> Thanks Marcus
>
> So you can go outside the useable bandwidth, you just need to
> understand that you will loose something as you move to the next chunk
> of RF ?
Generally, the hardware samples at a fixed rate (USRP1 samples at
64Msps, and USRP2/N2XX sample at 100Msps for example). From
the hosts point of view, if the tuned frequency is X, and the
requested bandwidth is Y, your baseband extends from X-(Y/2) to X+(Y/2).
Not sure what you mean by "loose something as you move to the next
chunk of bandwidth".
>
> I saw an image of several MHz and a little decode window, but I guess
> that is a decoding window, smaller than the SDR sampling window.
It is often the case that an actual application will bring in more
bandwidth than it strictly needs--usually because the application-specific
bandwidth is a little bit smaller than one of the integer fractions
of the samplers input bandwidth.
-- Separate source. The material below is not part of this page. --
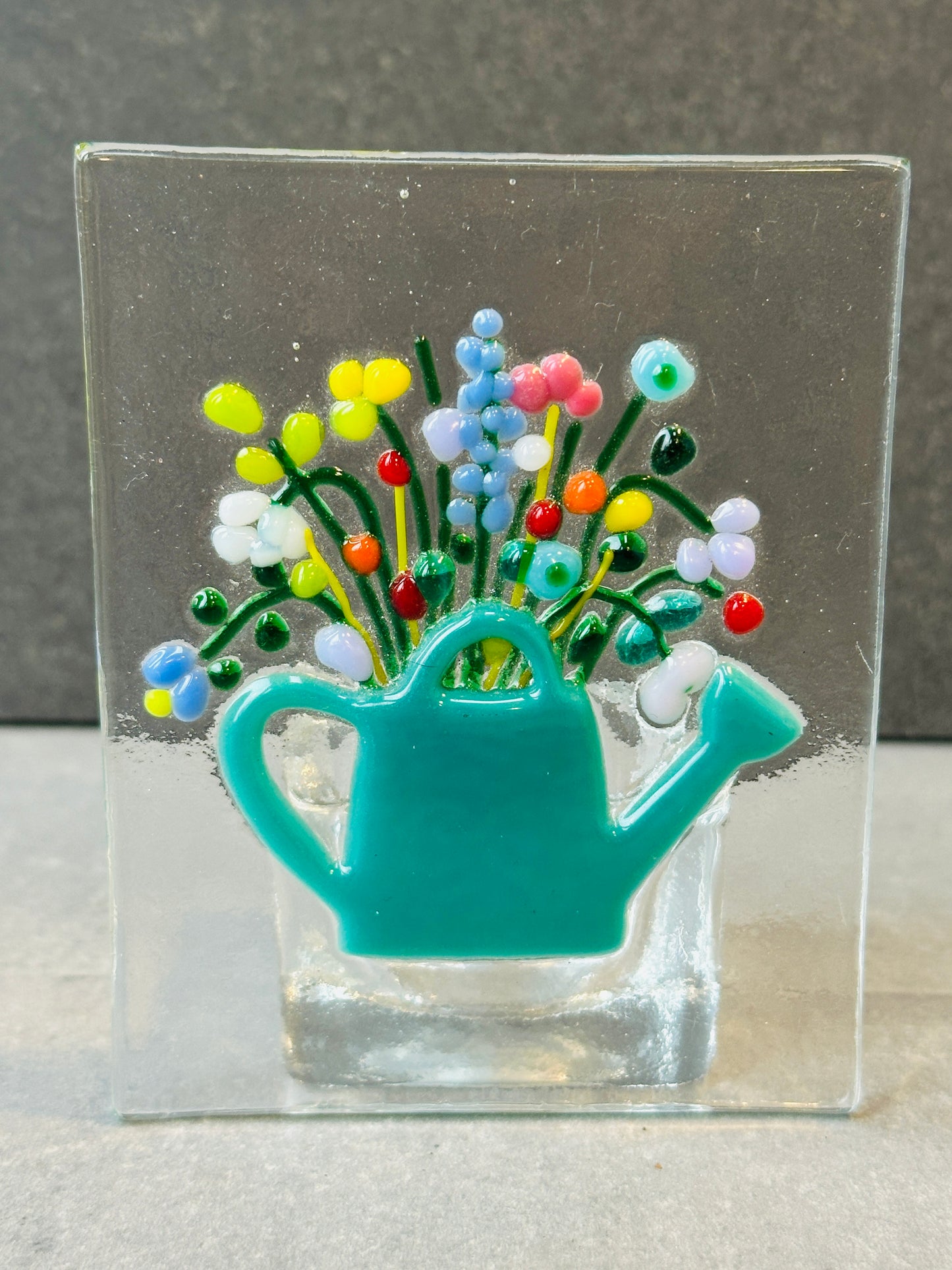 Vintage bloom teal tealight holder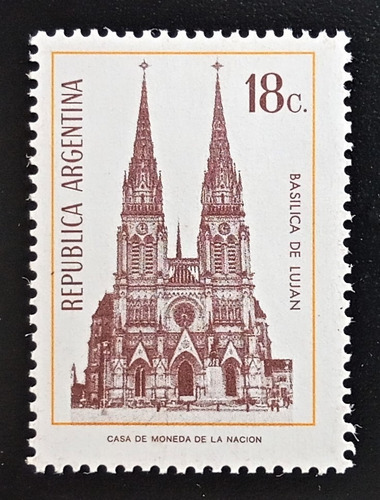 Argentina, Sello Gj 1529 Basílica Luján 18c 1973 Mint L17109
So you typically bandpass-filter in
software
to whatever the bandwidth of your application is, and then possibly
down-sample, or not, depending on the application.
Let's say your sampler front-end runs at 100Msps, and you really only
want 75Khz of bandwidth.
On a USRP2 or N210, the maximum decimation value is 512, which produces
a sample rate of 195312sps, (100e6/512) since this is
complex-baseband, that 195312sps is *also* 195312Hz of usable
bandwidth (in a sense, complex sampling "cheats" Nyquist).
So, you'd place a bandpass filter in the signal path to filter it down
to 75Khz, before you did anything else with it in the signal flow.
>
> I want to use SDR for satellites and packet radio
>
> Does it meet a tnc / analogue radio specs ?
>
An SDR-based platform would have no trouble doing at least the
modulation and radio parts of a TNC, although implementing something
like AX.25 in Gnu Radio is likely a poor architectural choice.